3 years ago I was down in NM at the NRA Whittington Center. They took us over to the Philmont Ranch which is a 140,000 acre ranch that was donated to the Boy Scouts. They still have an active ranch there, but the place is designed for the training of camping/survivial skills for the boy scouts. thousands of scout troops go there every year. I believe there is like a 2 yr waiting list for troops to get in there for a camping/hiking trip.

Anyway...Ted Turner's ranch borders this ranch. While we were there our guide told us that Ted is trying to introduce the grizzly bear into his area. There are black bear there already,but typically don't pose a threat to the scouts since they are usually in troops and educated on them. they are quite concerned about grizzly bears and have voiced their concern.

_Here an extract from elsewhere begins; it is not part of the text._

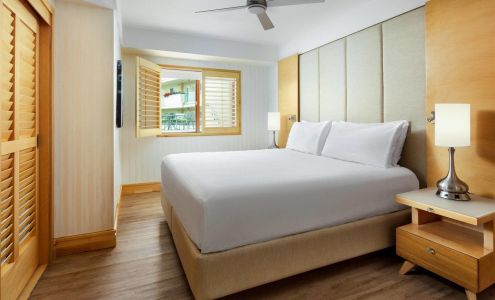 Pier South Resort, Autograph Collection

So SD isn't the only place this guy is introducing species or revitalizing species on his ranch.


----------



## bioman (Mar 1, 2002)

Years ago, I did some work adjacent to the Vermejo Ranch, which at that time, was owned by the Pennsoil trust. Ted bought the ranch and some additional acres in NM, which put the total purchase around 800,000 acres. Ted is definitely into commercial hunting, go to his website and see for yourself.


----------



## zettler (Sep 7, 2002)

bioman said:


> Years ago, I did some work adjacent to the Vermejo Ranch, which at that time, was owned by the Pennsoil trust. Ted bought the ranch and some additional acres in NM, which put the total purchase around 800,000 acres. Ted is definitely into commercial hunting, go to his website and see for yourself.


Thanks for the lead, here is the link: Turner Outfitting


----------



## always_outdoors (Dec 17, 2002)

Ted did not buy the Oster property South of Pick City. I guess a former ND resident did. $2000/acre.


----------



## Habitat Hugger (Jan 19, 2005)

Thank God a former North Dakotan bought that land! Now it will be open for hunting and fishing!


----------